Average levels of total bilirubin, a compound in the body that was used to gauge the destruction of oxygen-carrying red blood cells, increased rapidly and reached normal levels by week 3.

The hemoglobin and total bilirubin sustained their post-treatment levels over the trial's duration.

Lastly, patients rated their quality of life on the Functional Assessment of Chronic Illness Therapy-Fatigue questionnaire 7.2 points higher by the end of week 1. The average increase in FACIT-Fatigue score for 26 weeks was 10.9 points.

About 91.7% of patients in the trial experienced an adverse effect during treatment.
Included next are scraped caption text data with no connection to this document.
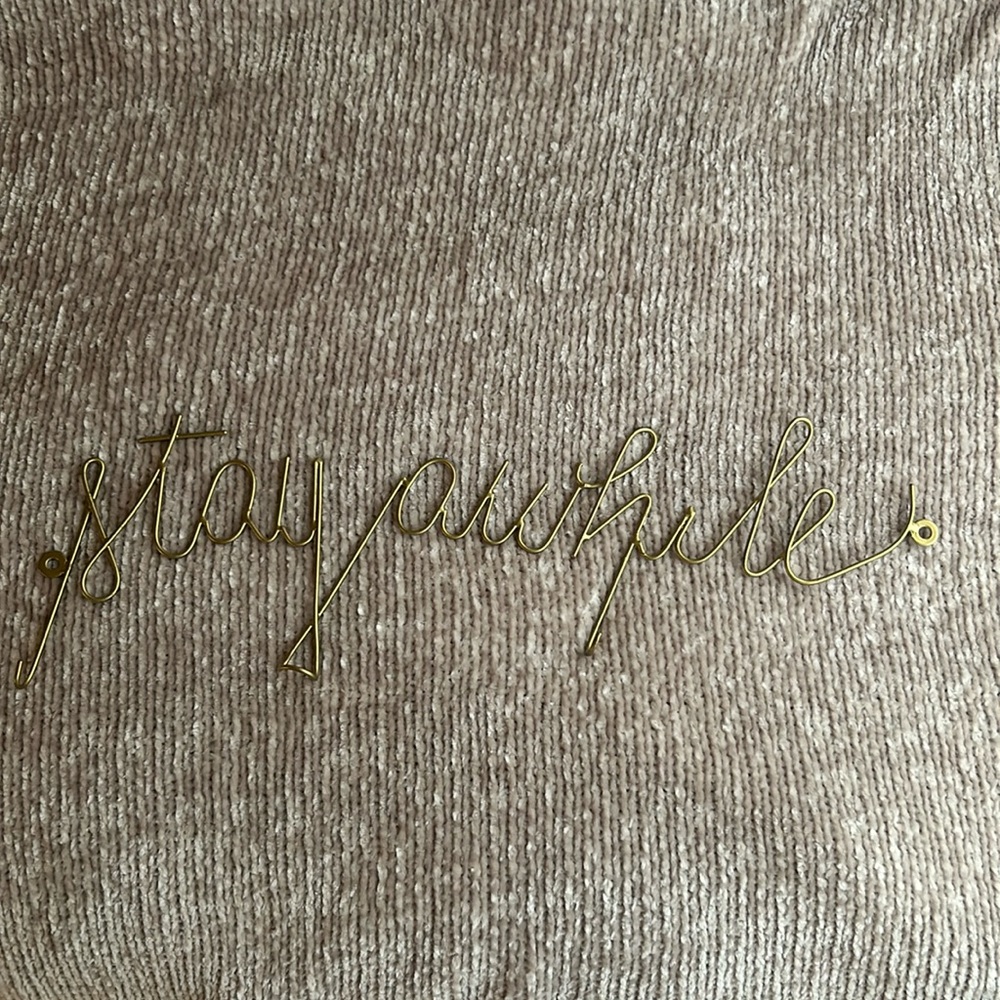 Stay Awhile Gold Sign and Hooks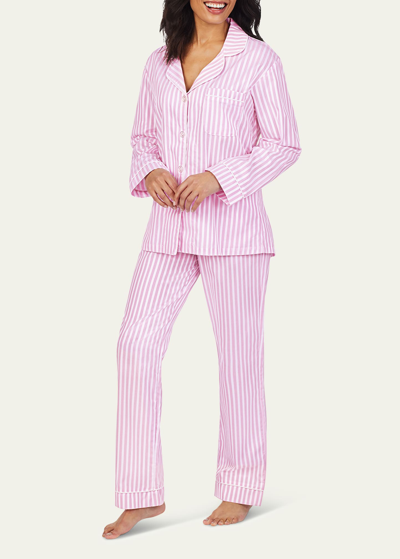 Bedhead Pajamas 3d Striped Cotton Long-sleeve Classic Pajama Set In Pink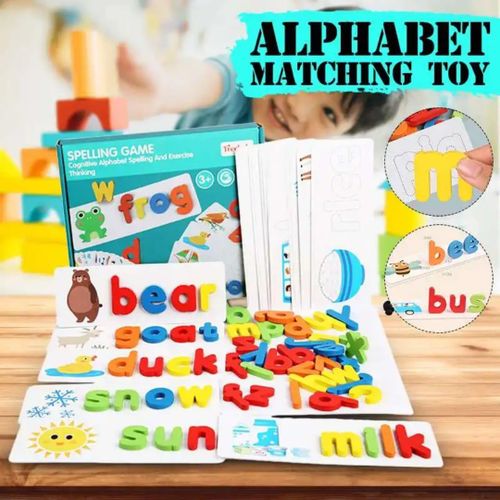 Educational Spelling Game & Word Matching Set – Montessori Letter Recognition & Phonological Awareness Tool – 30 Double-Sided Cards & 60-Piece Alphabet Blocks – Preschool Learning Toy for Kids 3-8 Years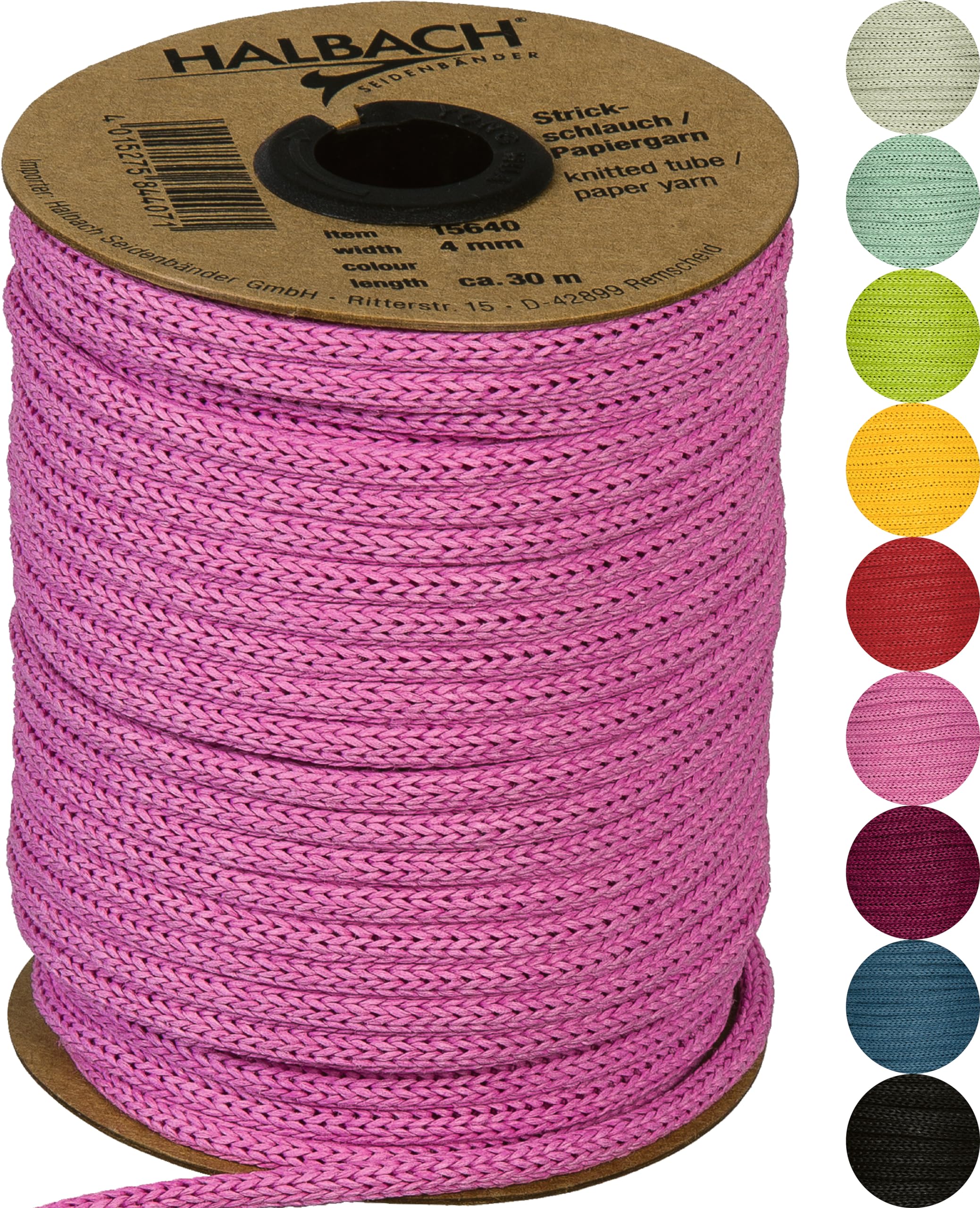 Halbach Seidenbänder Premium Paper Knitting Tube, Width: 4 mm, Length: 30 m, Tube Yarn, Fillable and Tear-Resistant, Paper Yarn for Name Badges Children's Room or Crafts, Colour: Light Pink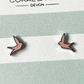 Coral and Mint- Pink Bird Studs - Mellow Monkey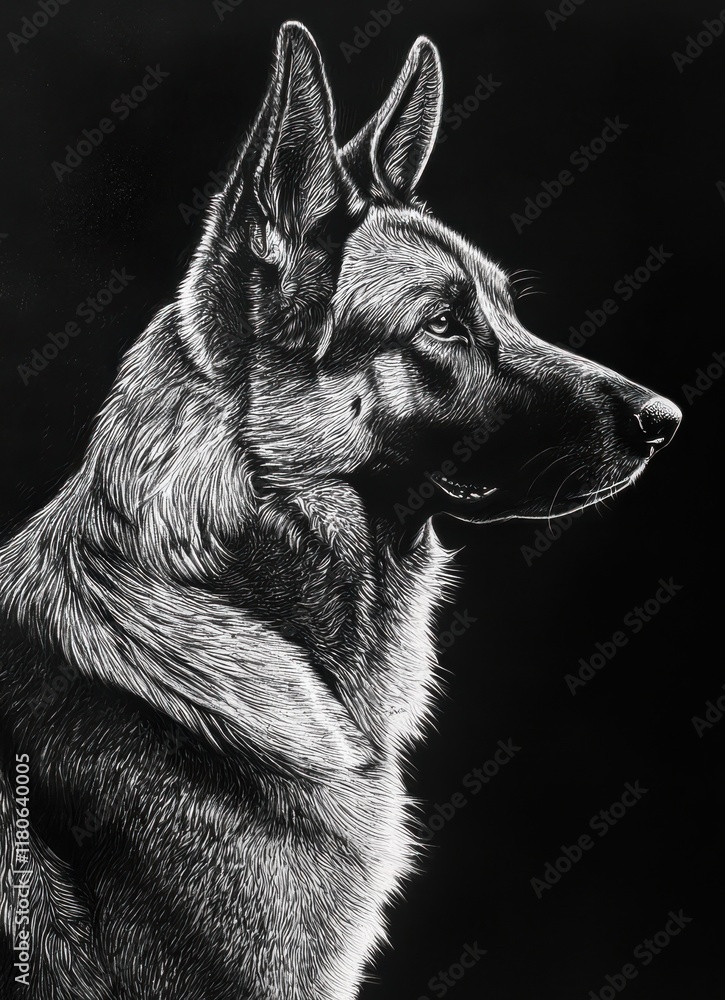 Majestic German Shepherd Dog Portrait in Striking Black and White Majestic German Shepherd Dog Portrait in Striking Black and White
While 29.2% of patients experienced a serious adverse effect and 8.3% experienced an infection during treatment, the effects did not result from sutimlimab's use, according to the investigator handling the trial.

Sanofi intends to submit the results, which were presented at the American Society of Hematology annual meeting, to the U.S. Food and Drug Administration soon. The experimental therapy for CAD, which has no approved treatment, previously received a breakthrough therapy designation from the FDA, as well as an orphan drug tag from the FDA, European Medicines Agency and Japan's Pharmaceutical and Medical Devices Agency, although regulators have not reviewed its effectiveness or safety.